Le parquet général près la Cour d’appel de Fada N’Gourma a annoncé, ce 24 juillet 2026, l’annulation de deux jugements rendus par le Tribunal de grande instance de Tenkodogo dans des affaires de relations sexuelles indues répétées sur des élèves mineures. Estimant que les faits relèvent de la matière criminelle et non correctionnelle, la Cour d’appel a ordonné de nouvelles poursuites devant la chambre criminelle et le placement sous mandat de dépôt des deux mis en cause.
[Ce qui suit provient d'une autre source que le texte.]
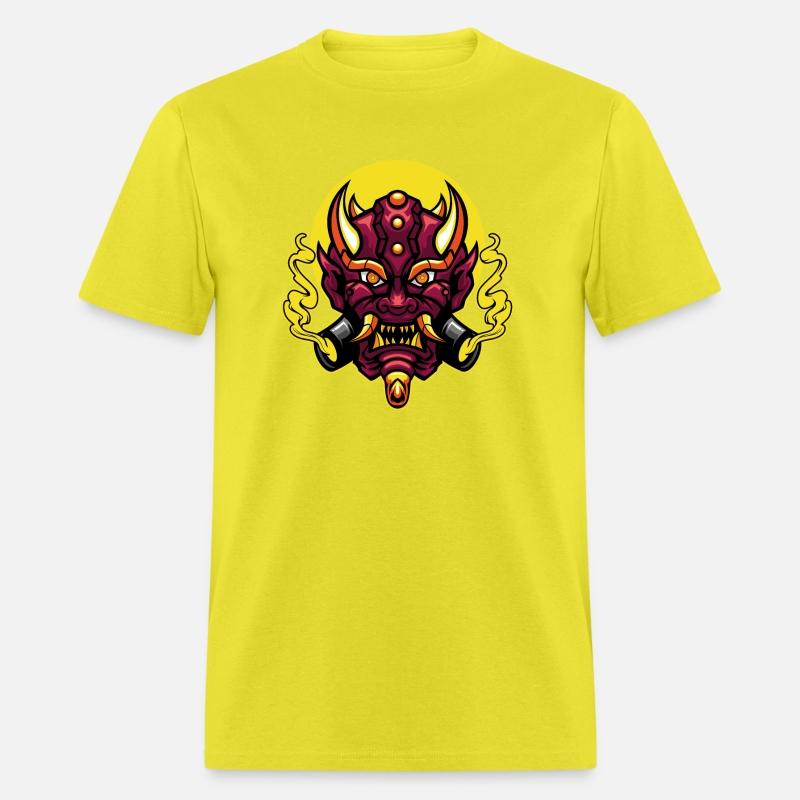 Oni Mecha mask japanese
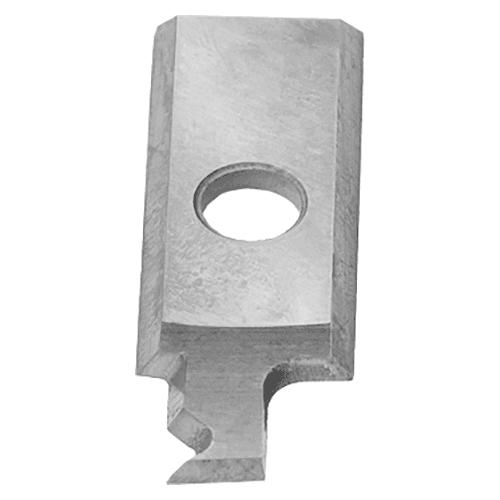 RCK-428 0.5mm - 1.5mm Solid Carbide Insert Cut/Quad Chamfer Knife for In-Groove System Alt 1 - Image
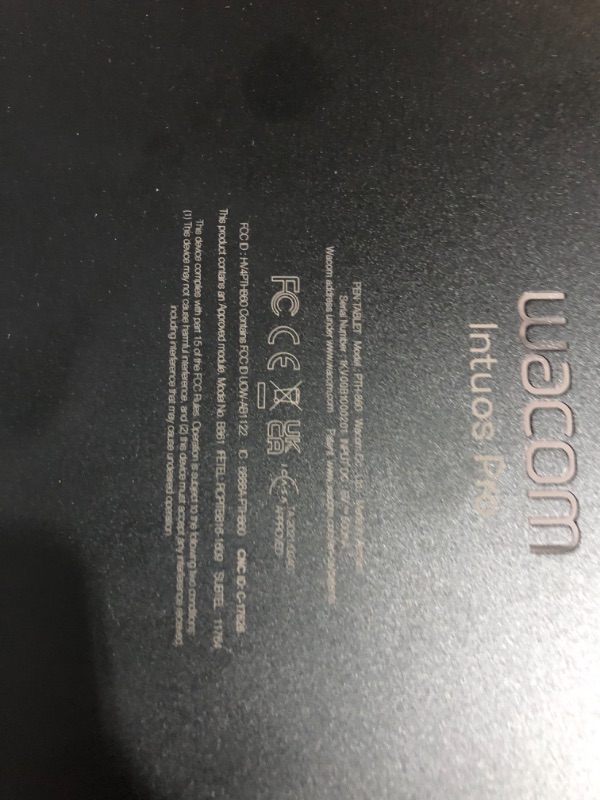 Photo 10 of PARTS ONLY/ SEE NOTES*******
Wacom Intuos Pro Large Bluetooth Graphics Drawing Tablet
Dans un communiqué publié ce vendredi 24 juillet 2026, le parquet général près la Cour d’appel de Fada N’Gourma est revenu sur les deux affaires de relations sexuelles répétées commises par des personnels du système éducatif sur des élèves mineures, déjà évoquées dans un précédent communiqué du procureur du Faso près le Tribunal de grande instance de Tenkodogo en date du 11 juillet 2026.

Selon le parquet général, le tribunal correctionnel de Tenkodogo avait, le 9 juillet 2026, déclaré les deux prévenus coupables des faits qui leur étaient reprochés. Ils avaient été condamnés respectivement à 17 mois d’emprisonnement, dont deux mois ferme, et à 18 mois d’emprisonnement, dont trois mois ferme, avec, dans les deux cas, une amende ferme de 2 000 000 de FCFA.

Le procureur du Faso avait toutefois relevé appel dès le 10 juillet 2026, estimant que ces sanctions n’étaient pas proportionnées à la gravité des faits.

Statuant sur ces recours, la Cour d’appel de Fada N’Gourma a annulé, par des décisions rendues le 24 juillet 2026, les deux jugements du Tribunal de grande instance de Tenkodogo.

La juridiction d’appel a considéré que les faits reprochés aux nommés Songné Hamidou et Ouandaogo Soumaïla sont constitutifs de crimes au regard des peines prévues par la loi pénale. Dès lors, ils ne pouvaient être jugés par une chambre correctionnelle.

Une procédure criminelle engagée

À la suite de cette décision, le procureur général a instruit le procureur du Faso près le Tribunal de grande instance de Tenkodogo de poursuivre les deux mis en cause selon la procédure de flagrant crime devant la chambre criminelle du tribunal.

Il a également ordonné qu’un mandat de dépôt soit décerné contre eux dans l’attente de leur jugement, annoncé pour les prochains jours.

Dans son communiqué, le parquet général réaffirme « l’engagement ferme du ministère public à traquer tous les actes de délinquance en général, et les atteintes aux mœurs commises sur des mineurs en particulier », assurant qu’il veillera à ce que les auteurs de tels faits répondent de leurs actes devant la juridiction criminelle compétente.